Obviamente, a compositora que melhor traduziu Ro Ro foi ela própria, com um importante acréscimo de prumo a partir de “Querem Nos Matar” (composta com o parceiro constante, mas breve Sérgio Bandeyra), que tem glacê ecológico, mas não deixa de parecer um protesto contra a violência misógina/homofóbica: “Querem nos matar/ mas eles não sabem/ que a nossa vontade é mesmo de amar”.
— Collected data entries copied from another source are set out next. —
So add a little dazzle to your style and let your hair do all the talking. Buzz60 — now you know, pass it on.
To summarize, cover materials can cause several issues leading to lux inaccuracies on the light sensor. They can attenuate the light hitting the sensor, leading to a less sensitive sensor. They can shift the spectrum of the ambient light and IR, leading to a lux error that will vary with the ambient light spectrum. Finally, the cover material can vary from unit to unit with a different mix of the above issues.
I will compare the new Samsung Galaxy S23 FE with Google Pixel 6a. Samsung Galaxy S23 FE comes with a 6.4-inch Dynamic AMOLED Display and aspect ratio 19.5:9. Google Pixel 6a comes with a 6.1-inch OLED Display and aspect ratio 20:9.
Angela volta à carga de modo bem mais explícito no disco de despedida da PolyGram, em “Mônica” (1985), na qual a fossa amorosa cede lugar a um potente libelo contra a “rotina” feminicida, muito antes de o termo “feminicídio” conseguir eco na voz corrente brasileira. “Morreu violentada porque quis/ saía, falava, dançava/ podia estar quieta e ser feliz/ calada, acuada, castrada”, a narradora corta feito faca a carne nossa, com mágoa e ressentimento bem justificados. Depois de citar feminicídios célebres da época, de Aída Curi, Cláudia Lessin Rodrigues e da criança Araceli (mas não o da xará Ângela Diniz), a guerreira audaz aponta para o futuro: “Queremos o seguinte no jornal:/ quem mata menina se dá mal/ sendo gente bem ou marginal”.
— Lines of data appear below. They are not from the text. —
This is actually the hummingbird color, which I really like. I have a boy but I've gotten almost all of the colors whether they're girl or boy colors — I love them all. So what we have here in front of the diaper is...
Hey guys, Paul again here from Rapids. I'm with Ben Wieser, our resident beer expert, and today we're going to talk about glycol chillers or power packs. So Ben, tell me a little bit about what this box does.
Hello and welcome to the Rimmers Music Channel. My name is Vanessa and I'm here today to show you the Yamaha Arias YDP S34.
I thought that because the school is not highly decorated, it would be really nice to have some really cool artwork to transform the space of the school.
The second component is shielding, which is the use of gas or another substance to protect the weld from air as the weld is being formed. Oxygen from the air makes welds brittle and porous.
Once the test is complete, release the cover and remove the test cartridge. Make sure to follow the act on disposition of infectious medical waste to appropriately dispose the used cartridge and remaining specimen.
Em “Bater Não Dói!” (2006), Ro Ro retoma o discurso contra a violência: “Bater não dói/ dói mesmo é apanhar”. Na faixa-título de Selvagem (2017), a narradora de voz surrada localiza e delimita a selvageria, provavelmente dentro, certamente fora: “Sou livre e não adianta/ tentar me cortar a garganta/ selvagem, me sobra coragem/ pra traçar minha própria viagem”. Na penúltima canção do último disco, Angela segue o exemplo da Elza Soares de “Maria da Vila Matilde (Porque se a da Penha É Brava, Imagina a da Vila Matilde)” (2015) e milita mais uma vez contra a babárie feminicida. O sambinha “Maria da Penha” diz assim: “Maria da Penha, venha/ pede o morro pra ajudar, iaiá/ não cansei do meu amor, não/ mas cansei de apanhar/ (…) muita gente diz que isso é errado/ mudei de opinião, seu delegado/ chama logo o camburão que não tem jeito, não”.
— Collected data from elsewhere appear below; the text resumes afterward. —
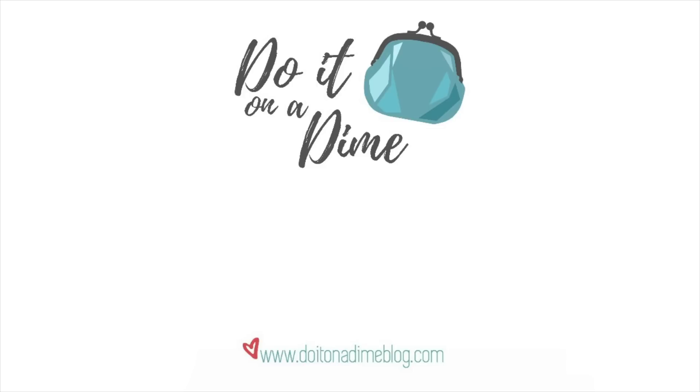I will see you guys in the next video. Hope you guys are having a great day. Bye!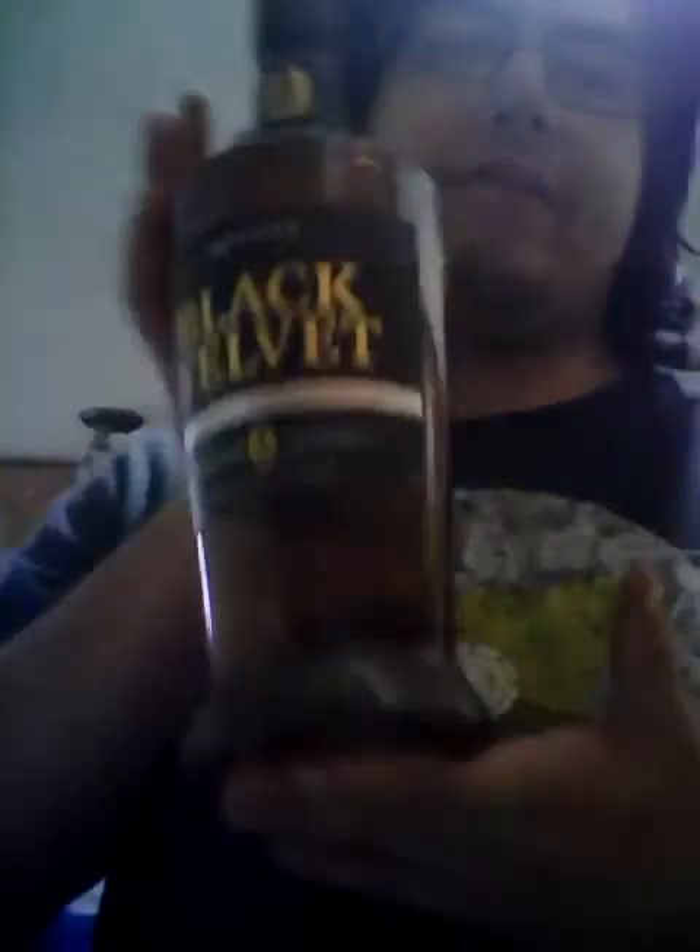So we got ourselves Black Belt Whiskey — this was $11.98 at WinCo. If you're a whiskey fan or a Canadian whiskey fan and you don't always want to spend a lot on a fifth, I would recommend Black Belt Whiskey. This was $11.98 if you're in the States and your WinCo carries it, especially in California.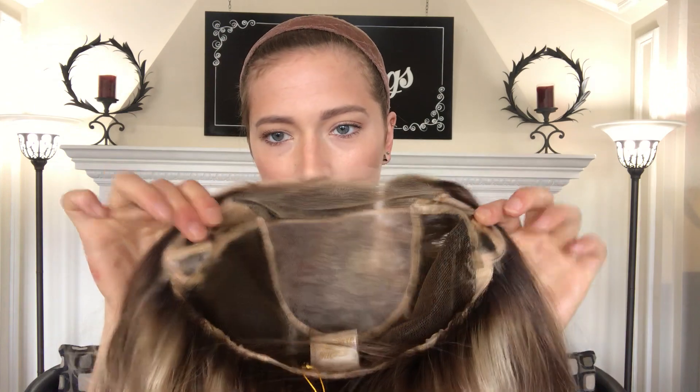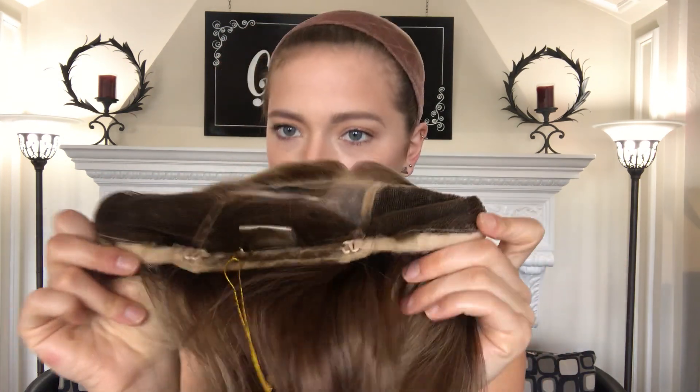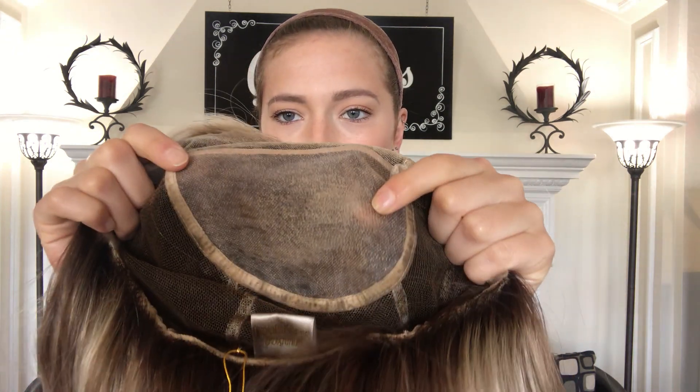Alright, I'll show you the inside. This is an average size cap, and it's got ear tabs. There's adjustable straps at the nape, so you can tighten it. And here's the monofilament top from the inside.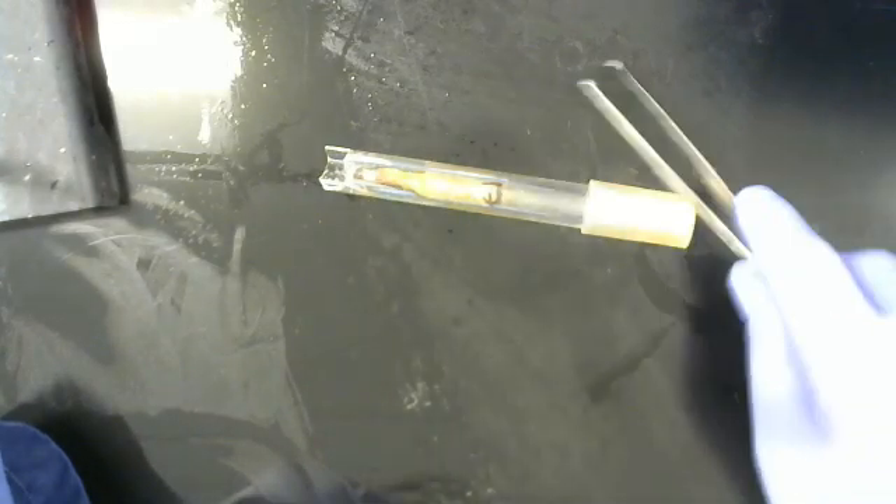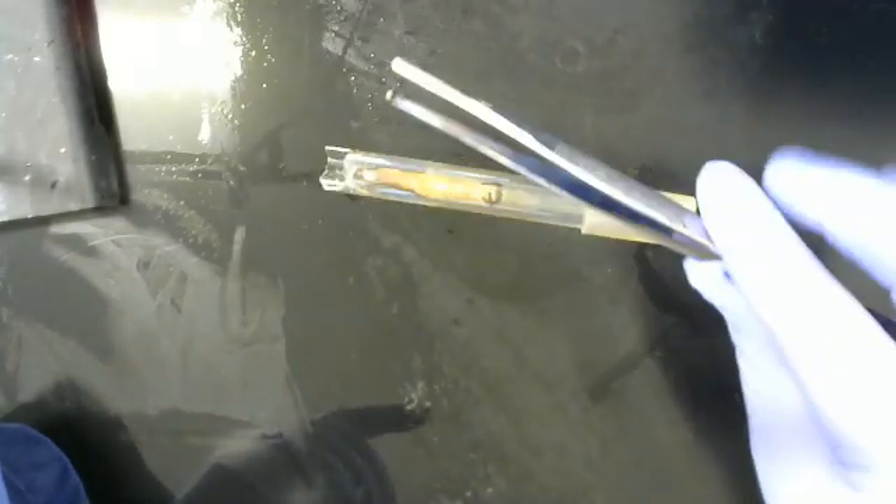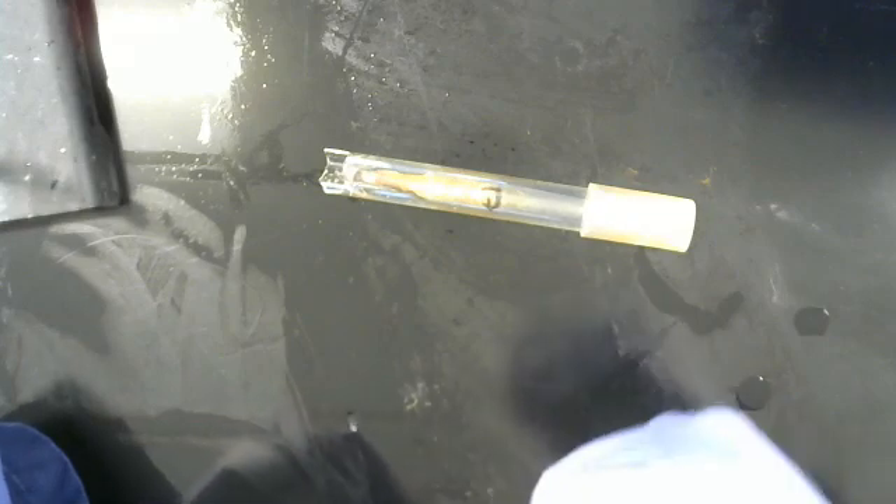Whenever you're dealing with broken glass, you never want to use a gloved hand or a hand at all. You want to use — I'm going to be using a pair of tweezers today because this is a small piece of glass — or a pair of tongs.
Na sequência de “Maria da Penha”, encerrando o álbum/canto de cisne chamado Selvagem, Angela Ro Ro elabora no xaxado “Parte com o Capeta” uma síntese descritiva perfeita sobre si própria: “Tenho parte com o capeta/ tenho parte com o cão/ tenho parte com gato, com onça, com ave, gigante e anão/ tenho asa como anjo/ tenho alma de criança/ não preciso nem de par/ pra dançar a minha dança/ sou filha da vida e da natureza/ até no feio vejo a beleza/ quando eu faço o bem/ não importa a quem/ mas se me aperreio sai da frente, eu não tenho freio”. Irreverências à parte, nunca foi fácil ser Angela Ro Ro – e ela nunca abdicou de ser, do primeiro ao último dia.